[OSM-dev] Simplifying data for routing

Sat Jul 28 15:55:23 BST 2007

Hopefully this doesn't turn into a spin-off of the "dropping  
segments" discussion. :) I'm trying to work wit the data model as it  
is now, and will refine for changes if or when they happen.

Since writing my last post, I've tweaked my GPS navigation app to use  
SQL geometric data types. I'm now storing everything as POIs (single  
points not connected to segments and not tagged as a road), paths  
(all segments on a way combined into a single linestring) and areas  
(which I don't support but which is just short-hand for closed ways  
so I can quickly determine all the contained locations a point is in.)

I've been reading about shortest path algorithms, and as they all  
seem to work on graphs, I've been thinking about the graph of  
unprocessed OSM data and wondering how much post-processing I need to  
do to make routing possible.
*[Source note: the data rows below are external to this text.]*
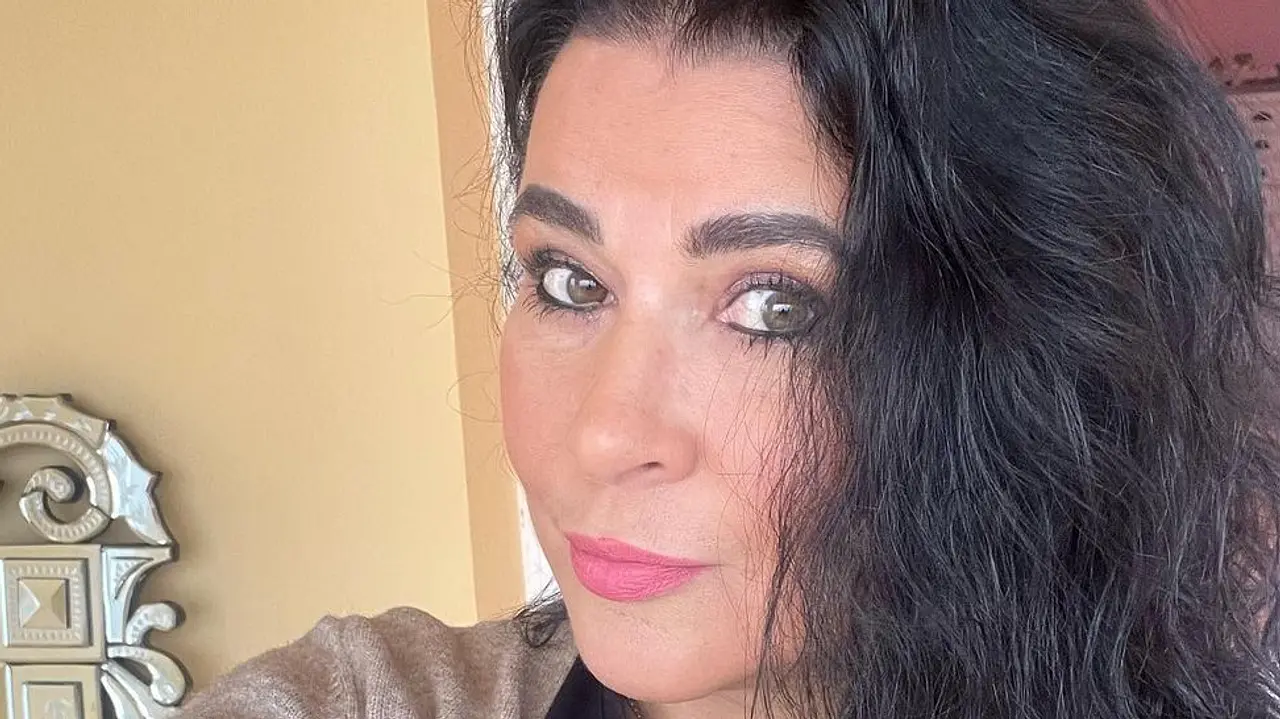 Iris Klein - Foto: Instagram/iris_klein_mama_ Iris Klein - Foto: Instagram/iris_klein_mama_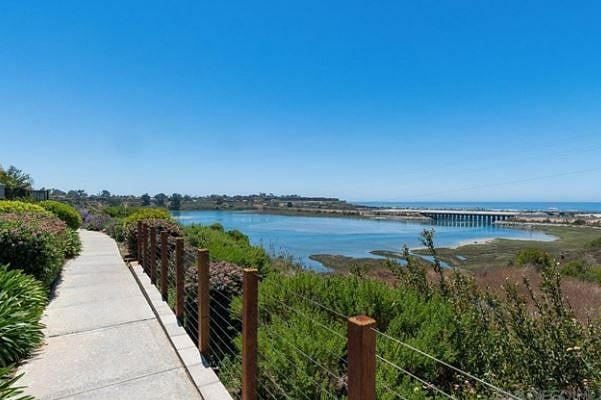 view from one of several trails in our community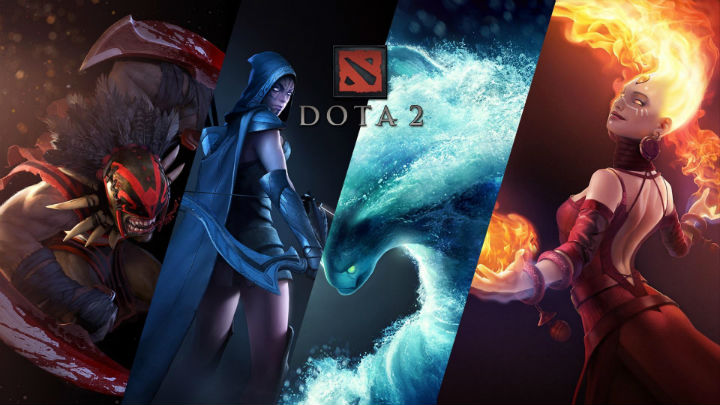 DOTA 2 - Компания Valve выпустит русскую озвучку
I'm better at grokking concepts than  
code, which is why I've not yet looked at the recently-announced JOSM  
navigator plugin.

Since I'm dropping most of the OSM nodes, I'm thinking that the  
vertices on the graph should be intersections. Part of my current  
post-processing involves doing a brute-force check of any newly-saved  
Path for any that intersect it. I then create an intersection feature  
as a point, linking to all the "branches." As such, I can now find  
and describe nearby intersections in terms of how many "ways" they  
have and render that description as something like "5-way  
intersection: E 51st St. with Duval St. and Guadalupe St."

I have several questions. First, is using intersections for the  
vertices of the routing graph the right way (no pun intended) to do  
it? I thought about using nodes, but if I understand the model,  
there's no reason to expect nodes to be placed at intersections.

Second, I'm still trying to grok a*/Dijkstra algorithms for shortest  
path. Seems like several routing apps I've checked out prefer  
Dijkstra, but is there any reason for picking it over a*? My  
understanding is that a* stops investigating paths that aren't  
meaningful, so wouldn't move toward a point to the north by going  
south. What am I missing? Is a* impractical for some reason?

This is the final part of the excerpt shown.